多年前,帽子曾经伴随我走过春、夏、秋、冬。忽然又想起,帽子在人们的生活中起着举足轻重的作用。精神抖擞的红军战士戴着八角帽,威武勇猛,英姿飒爽;采煤工人戴的安全帽照亮了漆黑的路;海边赏景的太阳帽多姿多彩;烈日下,一群戴着草帽割麦子的农民,挥汗如雨,抢夺着到口的粮食还有“孤舟蓑笠翁,独钓寒江雪”的斗笠,遮风避雨……帽子装饰了不同的人生历程。

帽子的起源大多防风保暖有关。有文字的记载,古代戴的头巾就是帽子的前身。古代男子20岁开始戴冠,要举行“冠礼”仪式,以示成年的开始。在古代,冠也是一种权力的象征,“凤冠霞帔”、“官帽”等无不与权力相关联。

我的第一顶帽子是儿时的军帽。哥当兵复原之后,把旧的绿军帽给了我。向往军绿生活的我,戴上军帽总爱在镜子前晃来晃去的,正正帽子,扯扯衣服,可神气了,上学放学帽不离头。冬天里,哥又给了我一顶军用栽绒帽子,酱紫色的。热了两侧的耳搭可以折上去绑在头顶,冷了可以折下来护住双耳,保暖隔风,曾引来许多同学的羡慕和爱戴。

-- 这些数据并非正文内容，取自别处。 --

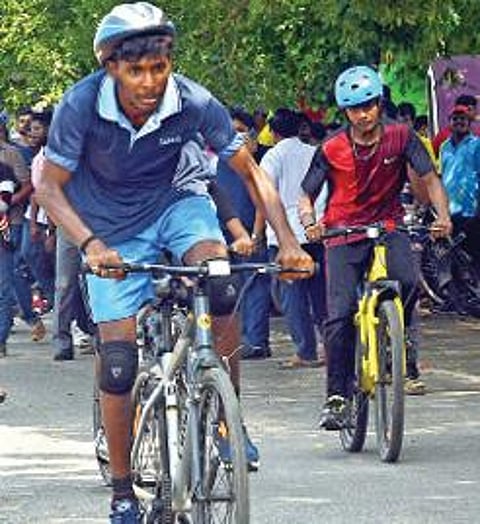 தூத்துக்குடியில் நடைபெற்ற மாநில அளவிலான சைக்கிள் போட்டியில் ஆர்வமுடன் பங்கேற்ற மனவளர்ச்சி குன்றிய மாணவர்கள். படம்: என்.ராஜேஷ்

后来在影视中,看到过有关帽子的故事情节历历在目。那些歪戴帽子或故意压低帽沿的人一般是反面人物,干一些损人利己的勾当;戏曲节目中,几乎都佩戴帽子,越是丑角帽子越简单,行头粗陋;火红的安全帽在火海中冲锋陷阵,奋勇向前,消防战士大无畏精神值得敬畏;白衣天使的白帽更具特色,医生帽、燕尾帽在死神面前从不退缩......

鲁迅笔下的闰土,头戴一顶旧毡帽,手捏一柄钢叉向一匹猹尽力刺去......可以想象到毡帽下的闰土红利透红的脸膛,是那么坚强、结实的汉子。

帽子不仅中国人喜爱,也是西方人的最爱。著名喜剧大师卓别林那顶高高的礼帽,加上优雅滑稽的动作,妙趣横生,令人捧腹大笑。拿破仑曾经是个帽子迷,拥有170多顶帽子。他最爱那种二角帽,弥补了身材的不足。

旧年还流行一种浮士帽,是早草帽的一种改革,皮布做成,搭配起来可以让你被拍成明星一般,是帅气和甜美的象征。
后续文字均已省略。